EXERCISE INPUT:
== Segment start ==

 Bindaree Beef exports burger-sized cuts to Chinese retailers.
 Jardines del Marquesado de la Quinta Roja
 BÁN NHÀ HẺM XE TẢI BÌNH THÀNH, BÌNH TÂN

== Segment end ==
== Segment start ==

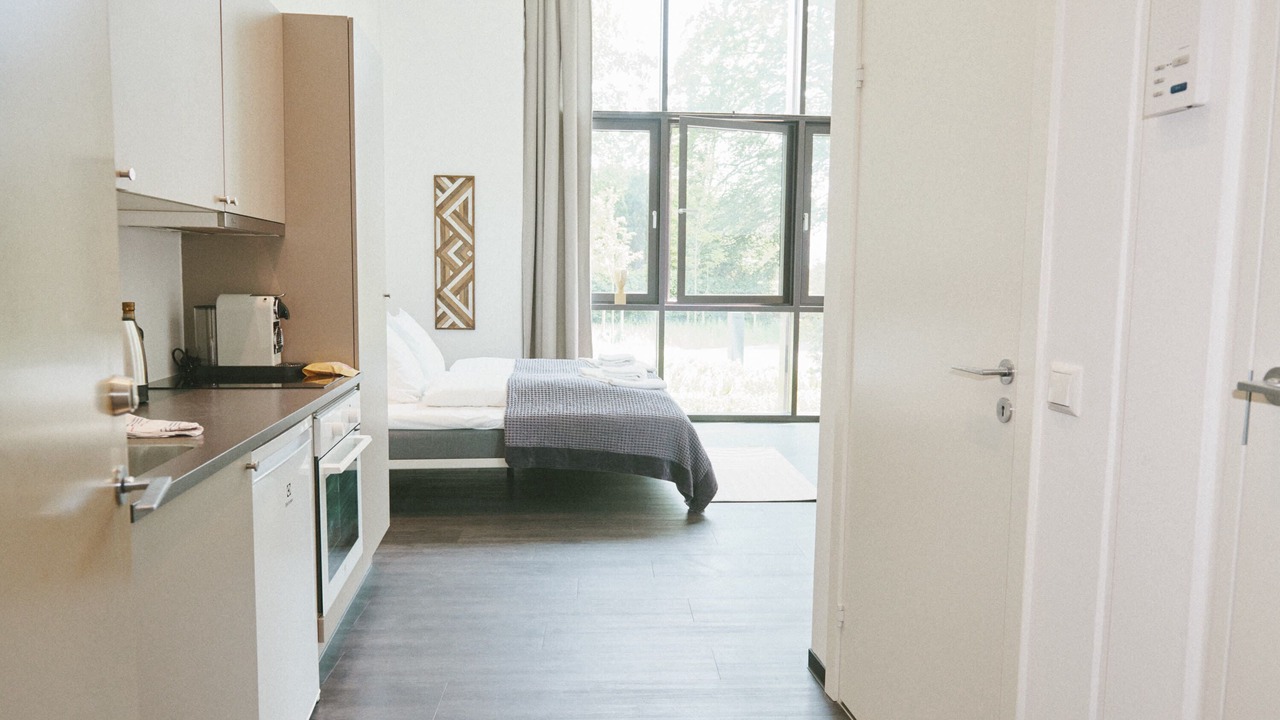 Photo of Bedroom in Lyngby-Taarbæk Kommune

== Segment end ==

WORK INSTRUCTIONS: Within the material above, transcribe exactly the lines that run from the line holding "Jardines del Marquesado de la Quinta Roja" through the line holding "BÁN NHÀ HẺM XE TẢI BÌNH THÀNH, BÌNH TÂN".

RESULT BELOW:
 Jardines del Marquesado de la Quinta Roja
 BÁN NHÀ HẺM XE TẢI BÌNH THÀNH, BÌNH TÂN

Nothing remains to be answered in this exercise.